Let's continue the habit of commenting “understood” if you got the entire video. Please give it a like too, you don't 😞 Do follow me on Instagram: striver_79

@Striver at 15:20, we will consider (as per dry run and algorithm) taking the path from 0->3->1 , as the dist would be less from prev stored dist[ 1 ] and also push it in the priority queue. I think it has to be taken because djikstra's will not only give us the the shortest path with valid number of stops to node 2 (dst) but it will also generate shortest path with valid number of stops to all the nodes in graph. So path from 0->3->1 should be the shortest path(dist = 4) which will also be covered under valid number of stops(2) rather than path 0->1 (where dist = 5, stops = 1) Edit: valid number of stops instead of least number of stops

This is the best question if you want to understand the inner-workings of both bfs and djikstra and the difference between them, however I feel that this question needed an in depth explanation on why we are doing the specific things that we are doing in both the queue case and the priority queue case.

Just make sure in the if check you put the condition as (cost + edW < dist[adjNode]) and not (dist[Node] + edW < dist[adjNode]) or else edge case will fail MISCONCEPTION: we can save some space in the queue nd do queue coz distance is already obtainable from dis[ ], so why maintain it specifically in the queue? ANS: no coz in the queue we store the distance coming from a specific parent node ie a particular path , nd that path is used for further exploration when we take it out of the queue nd consider that paths distance ...but there can be other paths as well...dis[ ] can't maintain the paths, it just stores the path with minimum distance, which may not guarantee the path with least stops(which is our top priority)...hence we have to maintain the instance of the distance of a particular node in the queue

I don't understand why people find this problem confusing. Sure, it can be solved with a priority queue, but since the number of stops increases by one at each step, using a regular queue can help reduce the time complexity somehow. Another important point is that we're using the number of stops as the main criterion. If you reach a destination with a smaller distance but more stops, it's not useful. Therefore, it's better to prioritize routes with fewer stops first. Even after that, we still check routes with more stops, but only if the number of stops is within the allowed limit (≤ k). In such cases, we store those routes as well.

I feel that the part which needs more attention is quickly skipped and some basic stuff which is quite intuitive is over stretched. Not sure whether everyone understood the correct reason to make a queue of stops, nodes and distance and not a priority queue of distance, nodes and stops

replace a condition if(curCityStop > k) continue; with below line if(curCityStop > k) break; because their is no need to proceed further as all further node will have stops > k #best content in youtube #striver

My intuition is on vacation !! How many have same issue?

15:30 0->3->1 is 4 and not 5 so we cant ignore that iteration

Another approach to solve this using Dijkistra's template(min cost PQ) is to have a 2d array instead(cost[nodes][k+1]) of the regular 1d cost array that we use in the standard Dijkstra.
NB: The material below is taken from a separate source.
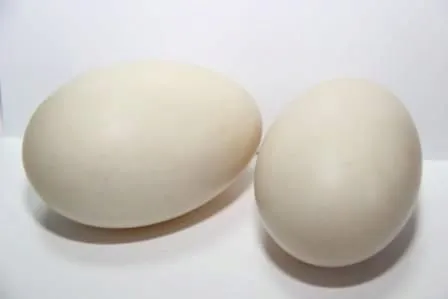 фотография продукта Продаем инкубационное утиное яйцо.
So instead of maintaining just the minimum cost to reach a node, we can maintain the min cost to reach a node n with i stops( 0

This is the best problem to get a grasp on dijkstra's algorithm so far!! Thanks striver for such a wonderful explanation :)

we are worried only about valid number of stops not the less number of stops so if its the valid number of stops then we can push it into priority queue and increase the stops. so--> {0->3->1} stops(2) we can reach here dist=4 as less than {0-1} with dist=5 stops=1 but its valid only b'coz atmost we can make 2 stops so 0->3->1 is best option with minimum distance

An excellent approach to this problem. I had solved this same problem using pq and maintaining minimum cost to reach every node within each number of stops upto k, and it had worked but your solution has a way better tc and sc.

While deciding to insert in priority queue, we need to sort by lowest cost and keep a check to see if cost is greater, atleast number of stops are less or not.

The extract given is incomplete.